For my
MarineSPEED dataset of species I'm trying to create non-random cross-validation datasets. In order to do this I was looking at the pwdSample and ssb functions from the dismo package. pwdSample calculates a pair-wise distance sampling and ssb calculates the spatial sorting bias. More information about these functions can be found in the excellent paper by Robert Hijmans (2012):
"Cross-validation of species distribution models: removing spatial sorting bias and calibration with a null model".
Problem is that both functions calculate a distance matrix between two sets of points which starts to fail when the number of points is (very) large. To fix this I re-implemented the functions replacing the matrix calculation and subsequent row minimum finding with the same functionality but using a divide and conquer strategy by calculating distance matrices on subsets, taking the min distance and then taking the min distances of these min distances to get row based minima.

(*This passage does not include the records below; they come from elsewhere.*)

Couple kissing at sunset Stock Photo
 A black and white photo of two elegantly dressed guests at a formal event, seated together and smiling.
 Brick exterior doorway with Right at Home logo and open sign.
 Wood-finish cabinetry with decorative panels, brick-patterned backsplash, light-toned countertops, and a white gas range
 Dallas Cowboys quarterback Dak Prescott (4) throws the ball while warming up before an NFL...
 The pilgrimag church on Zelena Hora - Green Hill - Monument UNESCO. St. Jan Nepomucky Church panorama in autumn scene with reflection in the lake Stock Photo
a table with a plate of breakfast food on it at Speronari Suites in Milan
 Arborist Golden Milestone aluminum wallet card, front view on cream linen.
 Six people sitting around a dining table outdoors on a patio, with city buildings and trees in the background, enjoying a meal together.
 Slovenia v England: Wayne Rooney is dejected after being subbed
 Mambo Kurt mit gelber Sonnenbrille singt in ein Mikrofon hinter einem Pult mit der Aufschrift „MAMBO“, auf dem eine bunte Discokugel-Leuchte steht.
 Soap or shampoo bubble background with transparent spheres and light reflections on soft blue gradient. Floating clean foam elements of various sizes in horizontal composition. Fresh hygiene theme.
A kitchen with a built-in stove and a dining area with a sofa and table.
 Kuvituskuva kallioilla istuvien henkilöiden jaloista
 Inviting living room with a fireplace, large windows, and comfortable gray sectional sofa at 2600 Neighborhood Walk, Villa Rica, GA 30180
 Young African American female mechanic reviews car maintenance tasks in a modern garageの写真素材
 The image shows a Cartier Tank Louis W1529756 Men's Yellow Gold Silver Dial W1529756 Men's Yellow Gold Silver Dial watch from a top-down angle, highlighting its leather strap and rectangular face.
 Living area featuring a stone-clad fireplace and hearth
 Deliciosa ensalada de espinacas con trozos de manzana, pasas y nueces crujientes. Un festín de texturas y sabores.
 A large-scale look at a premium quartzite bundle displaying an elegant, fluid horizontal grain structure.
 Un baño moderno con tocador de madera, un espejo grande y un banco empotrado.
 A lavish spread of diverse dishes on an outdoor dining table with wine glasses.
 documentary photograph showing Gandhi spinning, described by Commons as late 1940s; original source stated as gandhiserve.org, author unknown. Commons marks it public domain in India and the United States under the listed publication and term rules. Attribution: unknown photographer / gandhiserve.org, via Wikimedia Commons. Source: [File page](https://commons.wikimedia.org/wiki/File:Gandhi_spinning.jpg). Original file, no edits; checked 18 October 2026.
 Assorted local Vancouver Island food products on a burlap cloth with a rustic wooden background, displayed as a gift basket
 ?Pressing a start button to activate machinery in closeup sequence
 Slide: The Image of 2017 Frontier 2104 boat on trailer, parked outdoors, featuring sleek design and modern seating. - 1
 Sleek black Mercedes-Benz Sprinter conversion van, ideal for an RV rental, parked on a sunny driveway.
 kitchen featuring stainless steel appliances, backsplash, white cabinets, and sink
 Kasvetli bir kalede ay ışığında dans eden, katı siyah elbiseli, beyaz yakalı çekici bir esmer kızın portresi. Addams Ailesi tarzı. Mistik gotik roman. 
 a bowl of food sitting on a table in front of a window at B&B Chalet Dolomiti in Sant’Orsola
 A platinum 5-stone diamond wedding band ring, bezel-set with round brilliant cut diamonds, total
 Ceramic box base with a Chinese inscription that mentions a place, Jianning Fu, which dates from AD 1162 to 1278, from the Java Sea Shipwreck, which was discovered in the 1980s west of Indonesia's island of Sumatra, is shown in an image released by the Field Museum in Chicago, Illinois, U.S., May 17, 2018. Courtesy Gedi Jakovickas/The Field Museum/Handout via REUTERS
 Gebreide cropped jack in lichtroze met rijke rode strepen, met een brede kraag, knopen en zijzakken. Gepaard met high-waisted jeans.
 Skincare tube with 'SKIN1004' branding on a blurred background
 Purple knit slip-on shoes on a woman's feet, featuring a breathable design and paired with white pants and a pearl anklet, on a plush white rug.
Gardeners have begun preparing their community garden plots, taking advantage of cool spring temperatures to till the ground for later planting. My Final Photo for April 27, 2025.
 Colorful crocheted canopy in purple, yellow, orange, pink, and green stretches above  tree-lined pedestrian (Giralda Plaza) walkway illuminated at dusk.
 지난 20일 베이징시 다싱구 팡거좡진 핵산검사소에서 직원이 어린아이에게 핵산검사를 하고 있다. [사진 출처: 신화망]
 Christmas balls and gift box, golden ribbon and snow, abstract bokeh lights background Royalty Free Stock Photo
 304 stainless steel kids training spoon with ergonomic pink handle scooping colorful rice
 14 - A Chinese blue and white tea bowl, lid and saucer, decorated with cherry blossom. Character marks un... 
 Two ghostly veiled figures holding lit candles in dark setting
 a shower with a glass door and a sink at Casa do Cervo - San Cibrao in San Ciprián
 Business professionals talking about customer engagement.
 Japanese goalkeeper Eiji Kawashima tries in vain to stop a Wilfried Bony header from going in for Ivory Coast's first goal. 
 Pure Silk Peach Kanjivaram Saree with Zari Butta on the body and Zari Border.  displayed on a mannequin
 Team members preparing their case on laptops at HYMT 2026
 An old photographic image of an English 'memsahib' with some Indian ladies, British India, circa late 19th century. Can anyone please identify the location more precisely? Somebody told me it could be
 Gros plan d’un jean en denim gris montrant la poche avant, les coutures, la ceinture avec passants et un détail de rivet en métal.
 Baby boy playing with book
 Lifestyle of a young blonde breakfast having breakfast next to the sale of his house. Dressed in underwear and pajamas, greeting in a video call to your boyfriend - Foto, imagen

In other words I replaced:
fromd <- apply(distfun(fixed, reference), 1, min)
with:
mindist <- function(distfun, a, b) {
partition_count <- (1 %/% (100 / NROW(b))) + 1
parts <- dismo::kfold(x=b, k=partition_count)
r <- c()
for(i in 1:partition_count) {
mind <- apply(distfun(a, b[parts==i,]), 1, min)
r <- cbind(r, mind)
}
apply(r, 1, min)
}
fromd <- mindist(distfun, fixed, reference)
The full pwdSample function then becomes:
pwdSample_robust <- function(fixed, sample, reference, tr = 0.33, nearest= TRUE, n=1, lonlat = TRUE, warn = TRUE) {
## DIVIDE reference, calculate distance matrix, get min, COMBINE: take min of the min, do rest of the pwdSample logic
distHaversine <- function(p1, p2) {
r <- 6378137
toRad <- pi/180
p1 <- p1 * toRad
p2 <- p2 * toRad
p <- cbind(p1[, 1], p1[, 2], p2[, 1], p2[, 2])
dLat <- (p[, 4] - p[, 2])
dLon <- (p[, 3] - p[, 1])
a <- sin(dLat/2) * sin(dLat/2) + cos(p[, 2]) * cos(p[,
4]) * sin(dLon/2) * sin(dLon/2)
dist <- 2 * atan2(sqrt(a), sqrt(1 - a)) * r
as.vector(dist)
}
distGeo <- function(x, y) {
n <- nrow(x)
m <- nrow(y)
dm <- matrix(ncol = m, nrow = n)
for (i in 1:n) {
dm[i, ] <- distHaversine(x[i, , drop = FALSE], y)
}
return(dm)
}
distPlane <- function(x, y) {
dfun <- function(x, y) {
sqrt((x[, 1] - y[, 1])^2 + (x[, 2] - y[, 2])^2)
}
n = nrow(x)
m = nrow(y)
dm = matrix(ncol = m, nrow = n)
for (i in 1:n) {
dm[i, ] = dfun(x[i, , drop = FALSE], y)
}
return(dm)
}
if (lonlat) {
distfun <- distGeo
}
else {
distfun <- distPlane
}
stopifnot(tr > 0)
n <- round(n)
stopifnot(n >= 1)
if (inherits(fixed, "SpatialPoints"))
fixed <- coordinates(fixed)
if (inherits(sample, "SpatialPoints"))
sample <- coordinates(sample)
if (inherits(reference, "SpatialPoints"))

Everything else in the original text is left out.